###  Activity 2.0: Loop Ordering and False Sharing

This activity reinforces the concept of reduction and the caching principles taught in the lecture on Cilk on Sep. 18. It is recommended that you run this on the CS machines `gradx.cs.jhu.edu` or `ugradx.cs.jhu.edu`.  The results make sense here.  It is OK to run this on any machine that has at least 4 cores.  If you run on different machine, you may end up with slightly different results. It is OK if your results don't track exactly with the expected findings. On my M1 laptop the results get confusing.

**Due date**: Thursday September 28, 2023, 9:00 pm EDT.

**Instructions for Submission**: Submit via Gradescope.

### The Program

The is a nested loop program that counts the number of occurences of a list of tokens in an array of elements. This is a common computing pattern in data analytics. This could be used to count the number of messages sent in a network from a set of sources.

There are two serial versions of the program.  These are:
  * `countTokensElementsFirst`: loop over the larger elements array in the outer loop and the smaller tokens array in the inner loop.
  * `countTokensTokensFirst`: loop over the larger elements array in the outer loop and the smaller tokens array in the inner loop.
  
This is not a 2-d dimensional data structure like our previous examples. It is 2 separate arrays.

#### Programming


Complete the *TODO* instructions in [activities/tokens_omp.cpp].

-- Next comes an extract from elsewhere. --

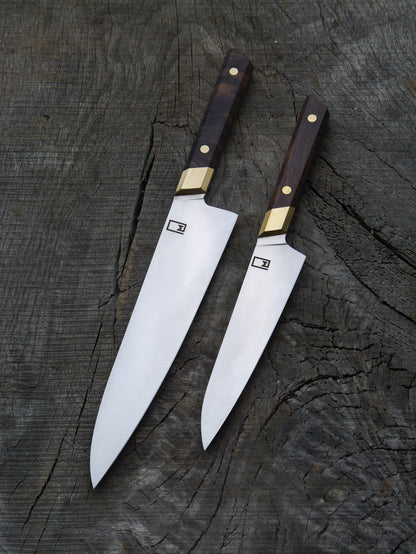 Knife Set Gyuto & Honesuke – Carbon Steel Blade, Walnut & Brass Handle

1. Add `parallel for` directives to functions:
   * `omp_countTokensElementsFirst`
   * `omp_countTokensTokensFirst`
2. Add `parallel for` and `reduction` directive for the array `token_counts` for:
    * `omp_countTokensElementsFirst_reduce`
    * `omp_countTokensTokensFirst_reduce`
  
The array reduction clause was added to OpenMP and requires one to specify the length of the array.  A simple example is provided in https://dvalters.github.io/optimisation/code/2016/11/06/OpenMP-array_reduction.html.

3. Unroll the loop 8 times in `unroll_omp_countTokensElementsFirst_reduce`. You may assume the the tokens array is evenly divisible by 8.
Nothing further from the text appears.